The winners of the first Green Power Community Challenge were announced recently by the US Environmental Protection Agency (EPA). The communities to receive this honor are Washington, DC, and Brookeville, Maryland, whose efforts to increase their use of renewable and clean energies, such as solar, wind, and biomass, surpassed others in this year-long challenge.
Washington, DC won for using the largest amount of green energy annually. Business, residential and government facilities are using a combined total of over 772 million kilowatt hours of clean energy per year, which amounts to 8% of the community’s total electrical use. Brookeville, Maryland, on the other hand, has the highest percentage of clean energy use within its total electricity use. Clean, renewable energy supplies 45% of all electricity in the community.

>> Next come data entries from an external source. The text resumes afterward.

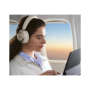 Anker Soundcore , Foldable Headphones , Space One Pro , Bluetooth , Over-ear , Microphone , Wireless , Cream White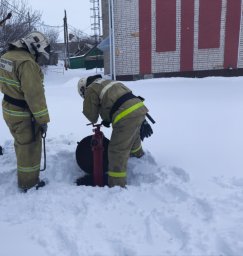 ​Проверка ППВ в п.Медвенка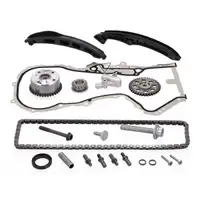 febi Motor + &Ouml;lpumpe Steuerkettensatz f&uuml;r VW Golf 6 Passat B6 Touran Ibiza 4 1.4 TSI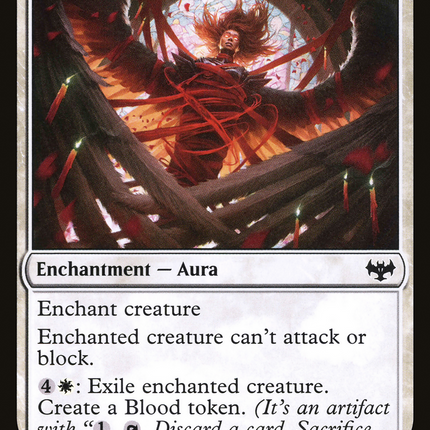 Sigarda's Imprisonment (VOW-035) - Innistrad: Crimson Vow Foil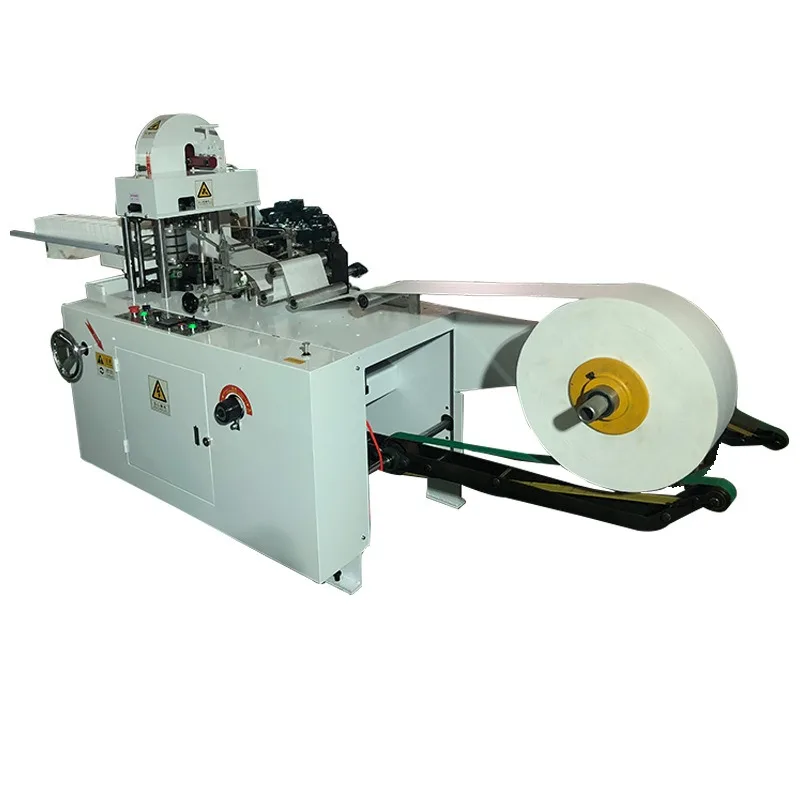 Automatic cotton towel folding machine, dental pad machine, non-woven face towel remover cotton folding machine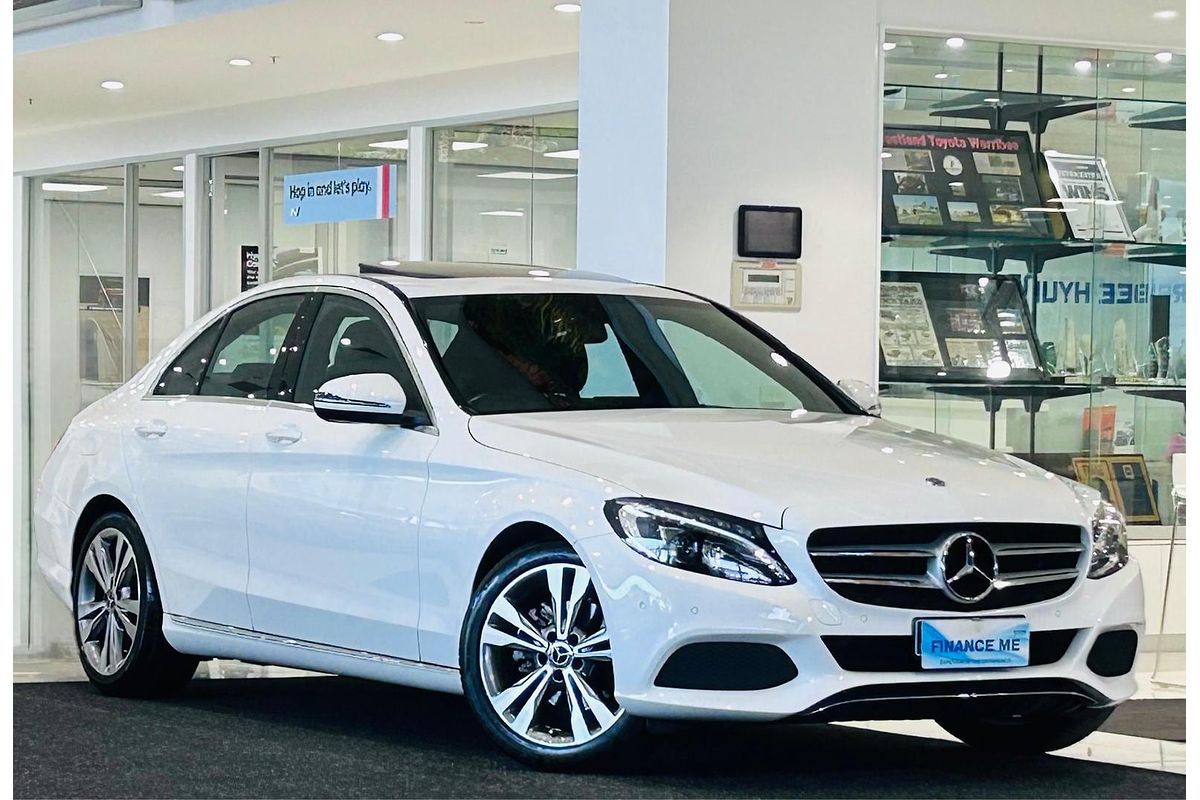 2018 Mercedes-Benz C-Class C200 W205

The Green Power Community Challenge began last September, and the ultimate goal was for all of the participating communities, through some friendly competition, to boost clean energy usage to 1.8 billion kilowatt hours annually. A year later, the communities, which come from 14 states, far surpassed this goal, and are using 3.3 billion kilowatt hours of clean energy per year, which is the equivalent of cutting carbon emissions from 284,000 homes.
“The Green Power Community Challenge proved that any community, no matter its size, can harness the collective power of its businesses and residents to achieve real environmental results,” said EPA Assistant Administrator Gina McCarthy. “By switching to renewable energy, EPA’s Green Power Communities are investing in a more secure, healthy, and prosperous future.”